It may have started raining but that doesn’t dampen the crowd’s enthusiasm, who cheer everytime the pre-show piped music stops despite the roadies still fiddling with their instruments. But eventually, the man himself John Butler comes onto stage to many screams and much clapping, accompanied by bassist and keyboardist Byron Luiters and perpetually grinning drummer Grant Gerathy. They warm up with a short piece, John on banjo almost duelling himself. But then it’s straight into the music with the insanely catchy ‘Better Than That’ showing off the wonky, bright sound of the banjo.

From there, it’s onto “Don’t Wanna See Your Face” on acoustic guitar and slapped bass. It’s here that John’s intricate fingerwork on the guitar really starts to show through, the crowd cheering at the slightest hint of a solo. This piece winds up with an instrumental flourish, with duels amongst the instruments pushing each other ever further in complexity and concentration. With those crowd favourites out of the way, we get a taste of the band’s more recent material with ‘Blame It On Me’. Featuring John switching to electric guitar (as has been the trend with his newer material), it features reggae hints such as echoing percussion and skanking guitar, with the middle actually a fairly experimental reverbed solo.
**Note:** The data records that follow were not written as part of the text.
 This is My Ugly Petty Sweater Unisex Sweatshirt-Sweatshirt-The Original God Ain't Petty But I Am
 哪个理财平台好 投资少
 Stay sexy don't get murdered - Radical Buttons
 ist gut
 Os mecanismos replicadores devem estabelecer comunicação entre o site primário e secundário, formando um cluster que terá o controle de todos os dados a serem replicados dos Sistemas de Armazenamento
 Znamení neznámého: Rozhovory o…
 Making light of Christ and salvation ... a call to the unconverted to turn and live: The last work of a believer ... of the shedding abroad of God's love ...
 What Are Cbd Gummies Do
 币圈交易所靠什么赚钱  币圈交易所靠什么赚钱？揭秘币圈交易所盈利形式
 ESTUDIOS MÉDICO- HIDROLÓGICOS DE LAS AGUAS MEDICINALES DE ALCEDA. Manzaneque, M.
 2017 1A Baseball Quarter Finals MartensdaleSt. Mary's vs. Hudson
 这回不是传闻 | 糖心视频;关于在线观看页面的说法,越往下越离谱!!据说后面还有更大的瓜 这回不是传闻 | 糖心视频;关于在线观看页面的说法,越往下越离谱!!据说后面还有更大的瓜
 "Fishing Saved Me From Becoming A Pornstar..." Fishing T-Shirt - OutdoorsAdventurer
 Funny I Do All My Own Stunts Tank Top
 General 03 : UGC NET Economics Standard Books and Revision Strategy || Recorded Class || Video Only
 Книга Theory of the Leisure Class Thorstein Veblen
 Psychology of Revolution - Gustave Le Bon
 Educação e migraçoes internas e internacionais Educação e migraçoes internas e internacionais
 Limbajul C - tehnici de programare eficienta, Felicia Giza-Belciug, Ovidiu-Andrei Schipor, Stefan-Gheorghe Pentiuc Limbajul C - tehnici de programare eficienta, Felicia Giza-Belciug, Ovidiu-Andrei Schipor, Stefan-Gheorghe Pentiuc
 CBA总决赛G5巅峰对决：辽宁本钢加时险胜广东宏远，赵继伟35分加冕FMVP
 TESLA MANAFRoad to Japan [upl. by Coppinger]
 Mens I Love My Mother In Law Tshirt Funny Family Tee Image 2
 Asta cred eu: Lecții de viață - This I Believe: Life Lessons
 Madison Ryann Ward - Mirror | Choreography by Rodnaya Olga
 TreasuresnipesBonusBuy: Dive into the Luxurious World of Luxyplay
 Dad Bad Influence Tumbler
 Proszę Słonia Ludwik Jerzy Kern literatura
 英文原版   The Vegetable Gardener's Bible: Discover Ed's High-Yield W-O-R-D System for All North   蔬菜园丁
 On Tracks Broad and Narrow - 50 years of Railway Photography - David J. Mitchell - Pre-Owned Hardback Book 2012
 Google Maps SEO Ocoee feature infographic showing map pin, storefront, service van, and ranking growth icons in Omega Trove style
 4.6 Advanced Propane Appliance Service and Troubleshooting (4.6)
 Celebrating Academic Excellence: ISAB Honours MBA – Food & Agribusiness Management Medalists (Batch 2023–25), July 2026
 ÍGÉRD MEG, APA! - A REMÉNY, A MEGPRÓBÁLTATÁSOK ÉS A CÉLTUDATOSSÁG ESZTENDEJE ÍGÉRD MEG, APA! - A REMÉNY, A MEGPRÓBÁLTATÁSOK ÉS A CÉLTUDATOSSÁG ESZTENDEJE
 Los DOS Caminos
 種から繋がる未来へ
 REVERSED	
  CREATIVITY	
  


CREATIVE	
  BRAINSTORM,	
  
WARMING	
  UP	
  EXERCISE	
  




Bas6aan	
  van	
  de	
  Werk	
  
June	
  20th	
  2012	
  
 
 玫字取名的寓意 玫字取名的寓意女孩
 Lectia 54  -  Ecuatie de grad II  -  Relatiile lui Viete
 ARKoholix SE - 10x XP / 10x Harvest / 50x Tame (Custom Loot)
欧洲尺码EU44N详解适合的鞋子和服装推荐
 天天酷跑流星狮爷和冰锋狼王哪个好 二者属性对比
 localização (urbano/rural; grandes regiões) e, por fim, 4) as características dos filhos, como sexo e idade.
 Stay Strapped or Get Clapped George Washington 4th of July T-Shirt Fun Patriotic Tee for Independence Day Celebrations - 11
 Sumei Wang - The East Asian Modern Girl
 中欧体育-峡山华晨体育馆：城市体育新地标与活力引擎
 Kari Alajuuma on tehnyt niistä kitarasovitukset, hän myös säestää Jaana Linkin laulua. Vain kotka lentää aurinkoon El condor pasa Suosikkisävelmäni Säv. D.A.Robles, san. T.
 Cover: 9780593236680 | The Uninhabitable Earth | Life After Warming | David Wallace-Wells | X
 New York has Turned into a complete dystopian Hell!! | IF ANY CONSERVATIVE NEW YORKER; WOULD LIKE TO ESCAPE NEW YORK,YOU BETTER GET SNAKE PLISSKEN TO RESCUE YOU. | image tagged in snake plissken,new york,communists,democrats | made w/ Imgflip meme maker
The undisputed highlight of the set was the next song, the ten minute long ‘Ocean’. With his bandmates leaving the stage, it’s simply one man, one acoustic guitar, one bass drum pedal and a sea of sound. Using the guitar’s body as percussion, the song slowly develops until the melody and rhythm are almost indistinguishable as the blissful sound echoes and winds around the mountain stage. With each finger hitting a different string, John weaves an entrancing web of melody and rhythm. It ends with electronic elements coming in and with a calm withdrawal, leaving the audience cheering for a good minute afterwards.

‘Pickapart’ starts with incredible fast fingerwork, John’s long nails flying across the nylon strings of the acoustic. The drums start simple but get more freedom as they go along ending in a drum solo that really shows the amount of rhythm Gran can conjure from his simple kit. The crowd karaoke of ‘Zebra’ gets the crowd back to their excited state and then much to their disappointment, the set’s finish is announced. It’s seen out with a hippy rock song about living in a city, one that particularly strikes home up here in the mountains away from Japan’s normal lifestyle in crowded metropolises.